Я невольно вспомнил себя в былые времена. Обычно я гнал прочь подобные воспоминания — ничего не давали они, кроме беспокойства, не приносили пользы душе моей, — но сейчас отнесся к ним со всем возможным вниманием, ведь они могли подсказать мне, как поступить. Учился я много и долго, немало переменил мест в поисках нового знания, но был все же старше Матиаса даже в начале пути. Впрочем, и в более поздние годы многие меня недолюбливали. Одни считали еретиком за то, что я не участвовал в спорах о единственно верном обличье Асхи и о путях поклонения ей. Другие называли трусливым и жалким за то, что я не пытался верховодить и оттирать локтями соратников, не стремился затмить их любой ценою; они полагали, что нет у меня ни силы, ни мужества, ведь я не проявлял ни страсти к оружию, ни любви к поединкам, предпочитая им уединение с книгами и духовные упражнения. Третьи им возражали, говоря, что я коварен и опасен, что лишь выжидаю, точно паук, момента, дабы насладиться сполна властью, кровью и местью… Конечно, я не находил в том приятности, но когда полностью предал себя Асхе, сии нелепицы перестали быть для меня значимыми. Однако многие из тех, кто отвергал и ненавидел меня, находились здесь, в Эрише, и имели определенное влияние, хоть и не решались выступить против меня открыто, памятуя о судьбе глупцов, что пошли наперекор воле Асхи несколько лет назад. Я вполне мог опасаться за своей спиной заговора и понимал в глубине души, почему столь сильно боится за меня заботливая и прозорливая мать Геральда…

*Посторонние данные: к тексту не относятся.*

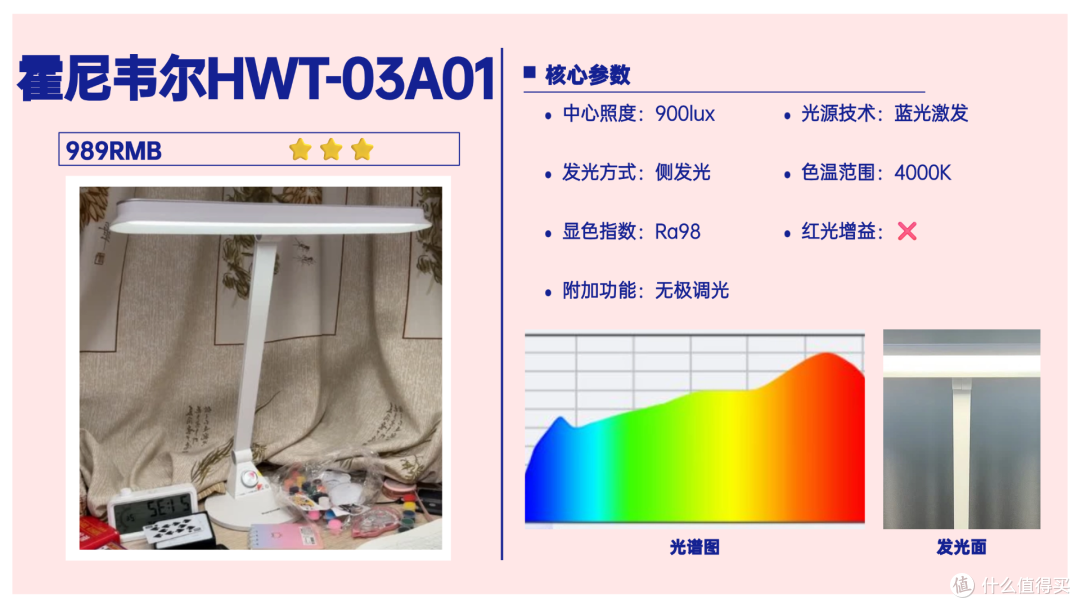 哪个品牌的护眼台灯性价比高一点？这几款高性价比护眼灯好用不贵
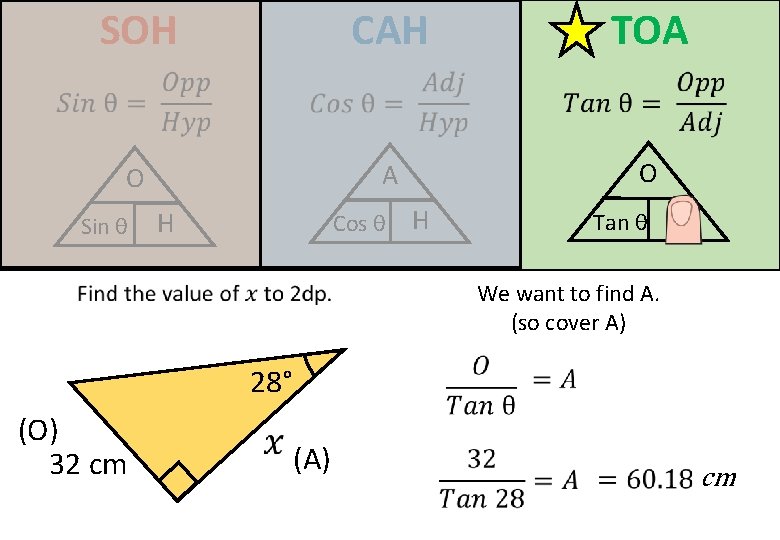 SOH CAH TOA O Sin θ H Cos θ H Tan θ A We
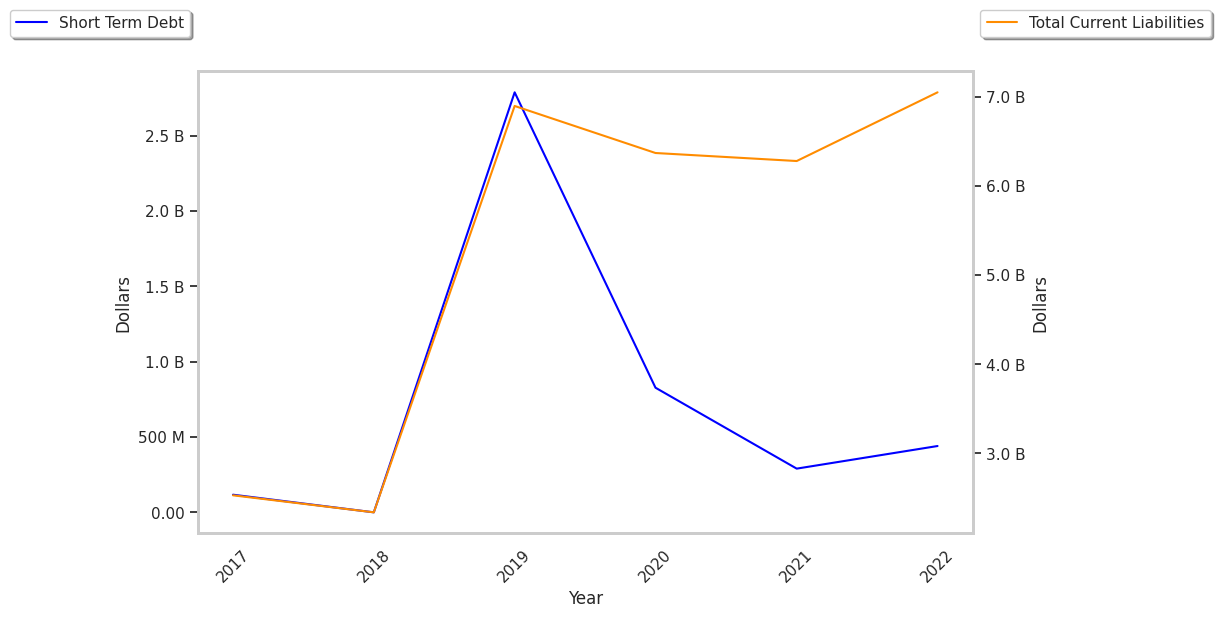 Understanding Broadcom (AVGO) – Key Points For Investors - Market Inference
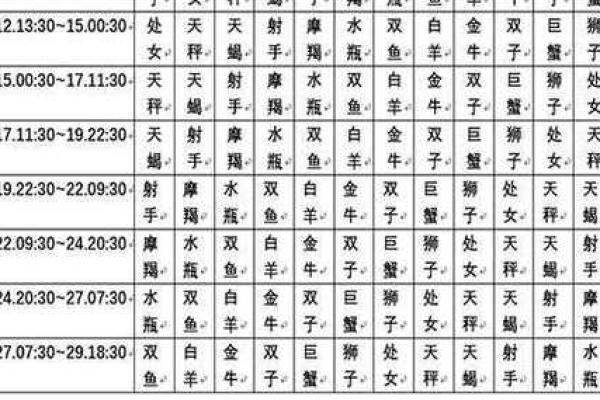 每日星座运势查询第一星座网_免费上升星座查询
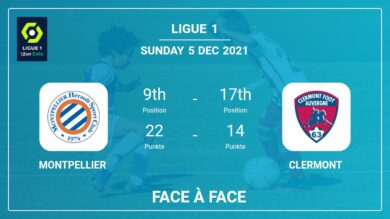 Montpellier vs Clermont: Face à Face, Prediction | Odds 05-12-2021 – Ligue 1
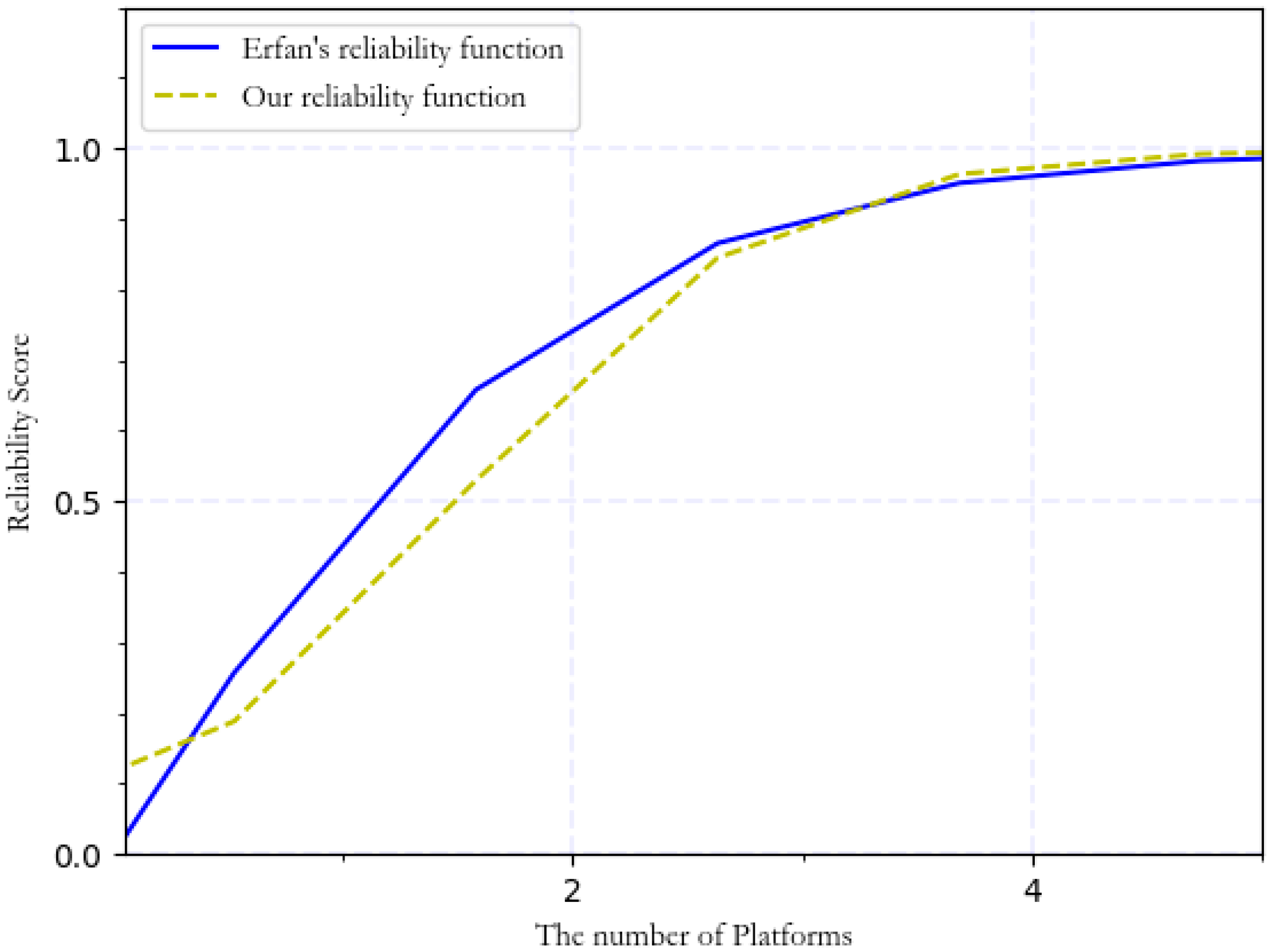 Applsci 08 01790 g001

Юный Матиас не был готов к нашему обучению, но для чего-то Асха привела его к нам именно сейчас. Такова была ее воля, чтобы мы встретились с ним сегодня, и вряд ли для того, чтобы я просто изгнал его и тем отвратил от верной дороги. Кем станет он, если сейчас собьется с пути? Как будет жить, если потеряет веру, и не только в наше искусство, но и в себя, а возможно, и в саму богиню, в благое служение ей? Следовало понять, чего желает от меня сейчас владычица моя, и исполнить в точности.

Я вышел на балкон, опустился на скамью и долго смотрел в ночное небо Нар-Эриша, и звезды казались мне сияющими очами самой Асхи, столь далекой и столь близкой, столь недоступной и столь желанной.

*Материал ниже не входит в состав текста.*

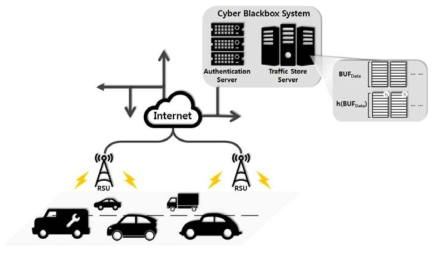 스마트카 환경의 사이버 블랙박스 시스템 구조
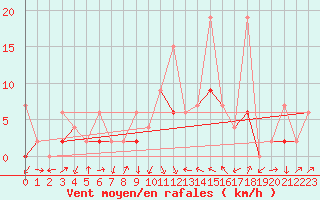 Courbe de la force du vent pour Fribourg / Posieux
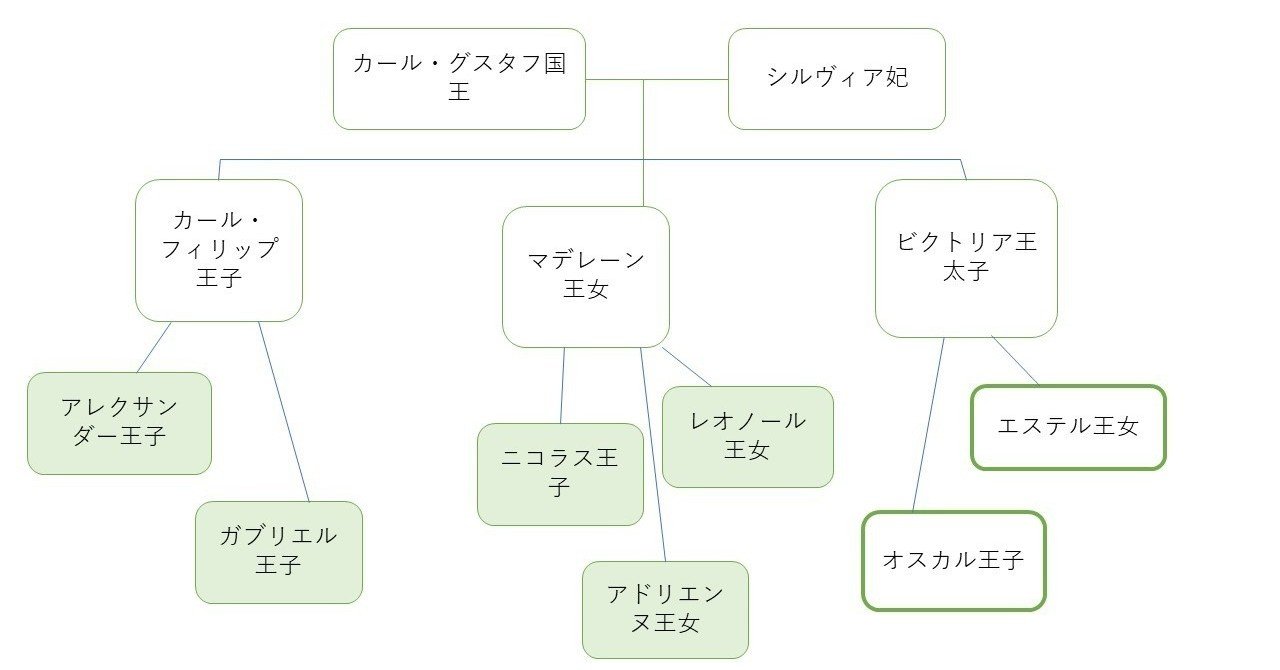 スウェーデン王室 追記 呉羽パオ Note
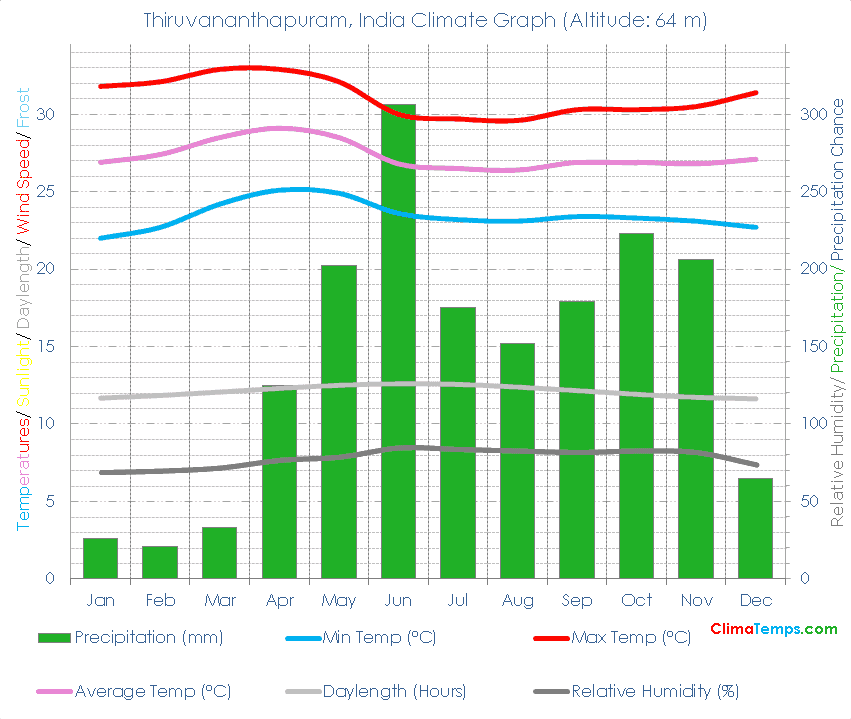 Thiruvananthapuram Climate Graph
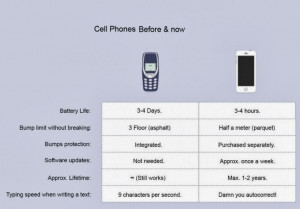 Cell phones Before And Now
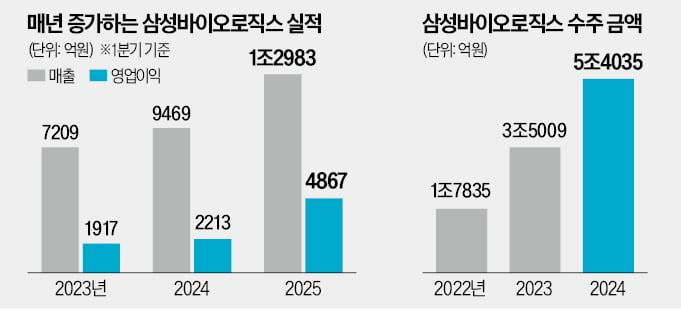 삼성바이오, 1분기 날았다 … '공장 풀가동'해도 모자랄 판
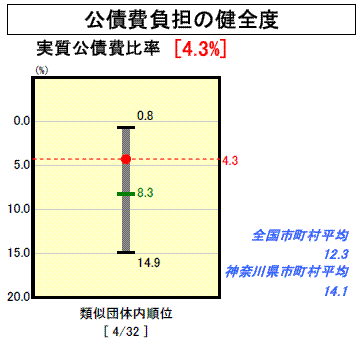 公債費負担の健全度のグラフ(平成19年度決算)
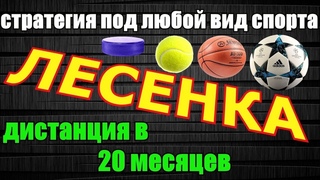 Лучшая стратегия ставок на спорт ЛЕСЕНКА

Глава опубликована: 30.07.2015

На балконе

Госпожа и владычица моя, как же так? Отчего великий Белкет узрел тебя в ином обличье? Понимаю, что я ничтожен в сравнении с ним, но все же… Отчего вместо истинных ликов твоих я видел родительницу, древнюю Геральду и отважную ученицу свою? Неужели душа моя нечиста, слишком занята привязанностями и воспоминаниями, и они препятствуют тому, чтобы я к тебе приблизился? Или по великому своему милосердию ты показалась мне в виде тех, кого знал я лучше прочих, дабы стать для меня понятнее и вызвать в душе моей еще большую любовь, хотя возможно ли любить сильнее? Ведь я и сейчас готов раствориться в тебе, исцелить твои раны, защитить тебя, пусть и ценою окончательной смерти своей, и это лишь самое малое, что я мог бы отдать тебе! Орнелла пожертвовала собою ради великого дела твоего и не колебалась, так неужто я окажусь трусливее и не потеряю за тебя душу свою?

— Владыка Арантир…

Когда я обернулся, Матиас вздрогнул и попятился. Высохли слезы мальчика, хотя глаза его под припухшими веками все еще были красны.

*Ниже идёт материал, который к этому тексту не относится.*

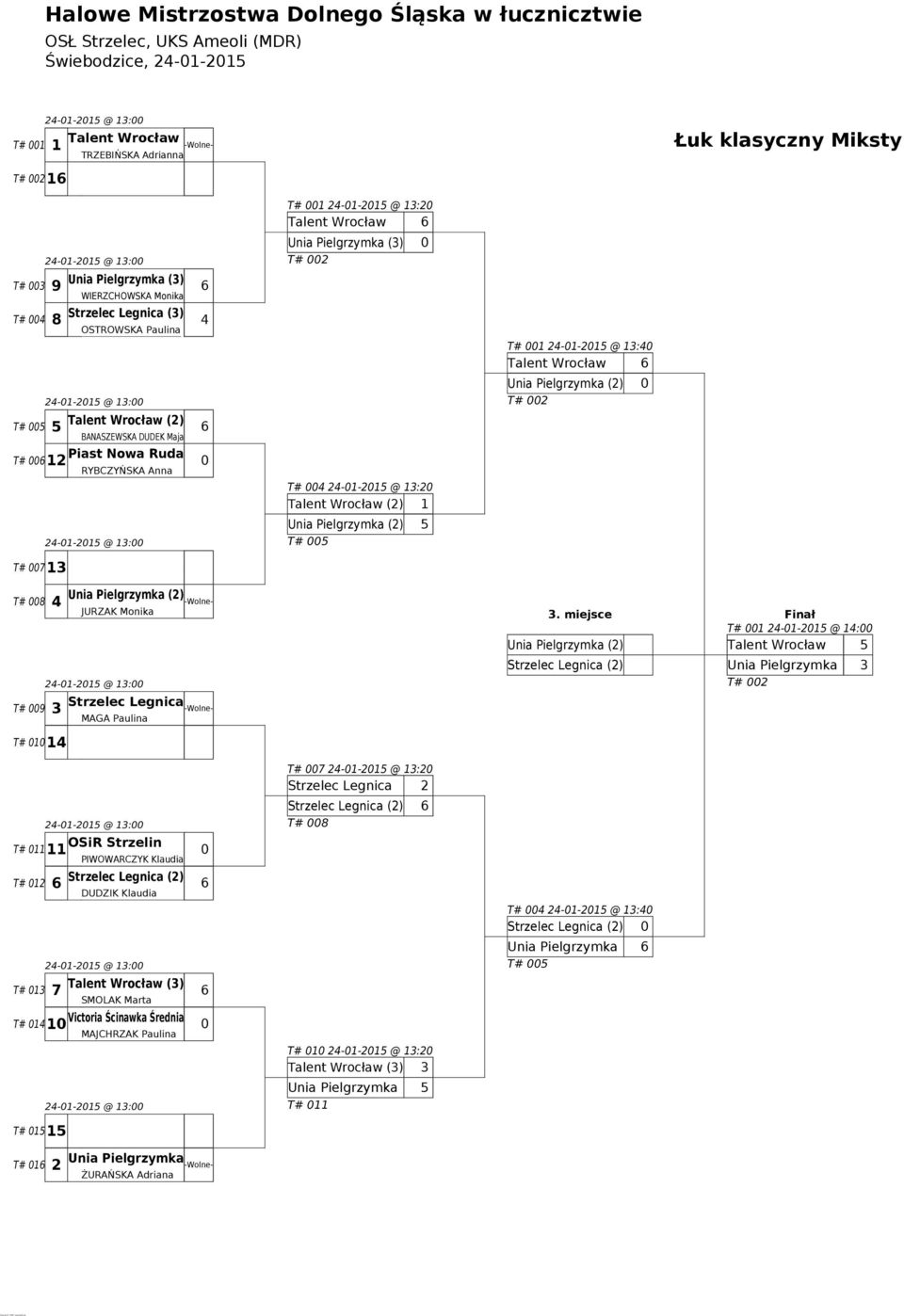 Strzelec Legnica (3) T# 004 8 OSTROWSKA Paulina 24-01-2015 @ 13:00 Talent Wrocław (2) T# 005 5 BANASZEWSKA DUDEK Maja Piast Nowa Ruda T# 00612 RYBCZYŃSKA Anna 24-01-2015 @ 13:00 6 4 6 0 T# 001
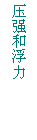文本框: 压强和浮力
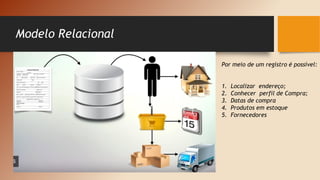 Modelo Relacional
Por meio de um registro é possível:
1. Localizar endereço;
2. Conhecer perfil de Compra;
3. Datas de compra
4. Produtos em estoque
5. Fornecedores
 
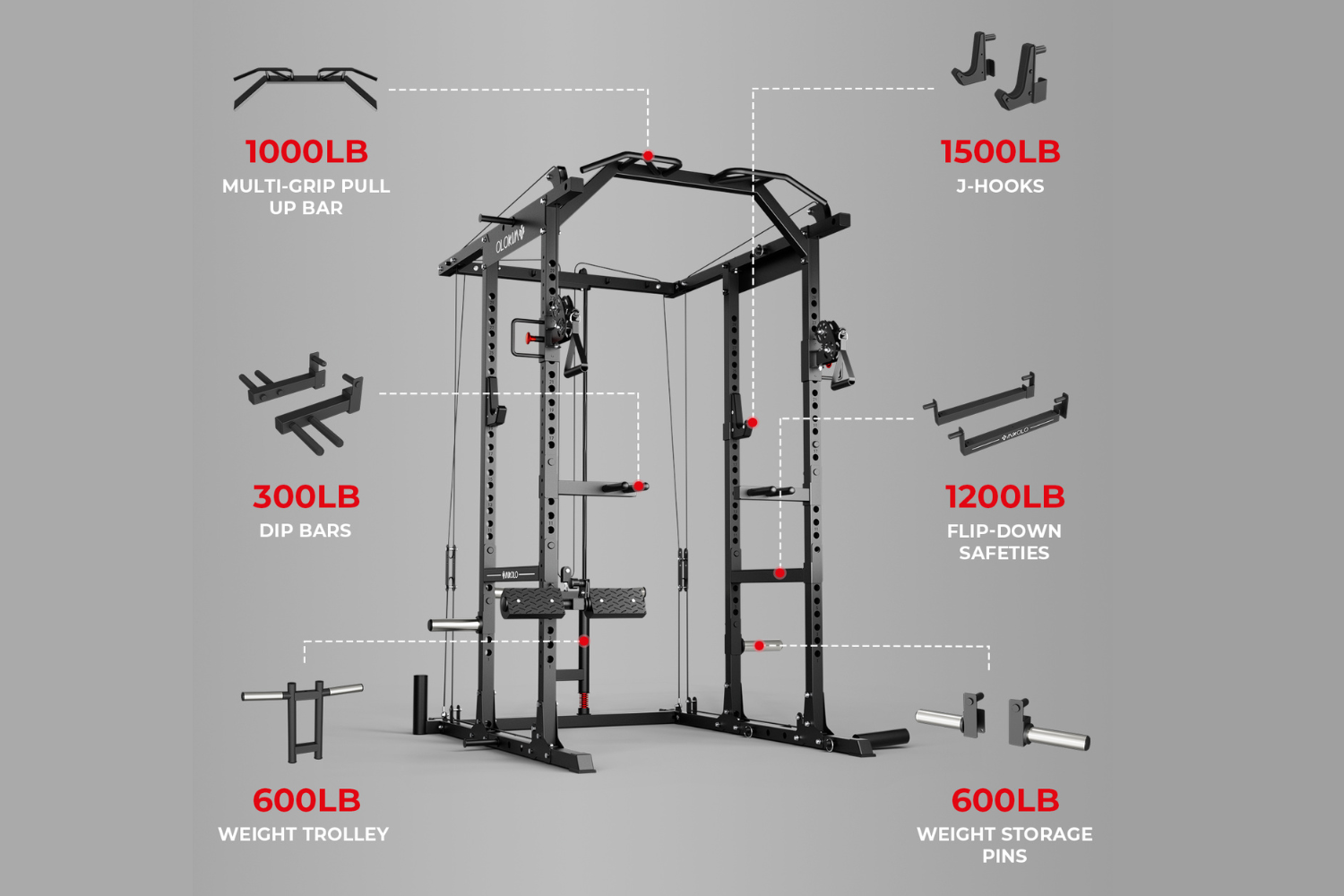 Mikolo Fitness Facebook ad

— А, дитя мое. Отчего ты так пугаешься?

— Простите, верховный лорд Арантир, я не хотел… Просто вы сидели так неподвижно, словно… — мальчишка запнулся и опустил глаза.

— …словно умер? — закончил я за него. — В чем-то ты прав, мой мальчик, но умирать не так страшно, как кажется, поверь мне, особенно если жертвуешь жалкими страстями и позывами ненасытной плоти ради высшей пользы. Но не о себе хотел я поговорить с тобой. Садись рядом.

Мальчишка опасливо опустился на скамью, отдалившись от меня, насколько смог, то ли из уважения, то ли от страха и отвращения — при моих словах он опять побелел.

— Расскажи мне, дитя, о том, что произошло сегодня, точнее, уже вчера. Отчего ты не подчинился матери Геральде?

— Я… — Матиас беспокойно поежился и сцепил руки в замок. — Я просто испугался. Я исправлюсь, владыка Арантир. Я извинюсь перед матерью-наставницей…

— И снова попытаешься упасть в обморок? Посмотри-ка на меня, сын мой.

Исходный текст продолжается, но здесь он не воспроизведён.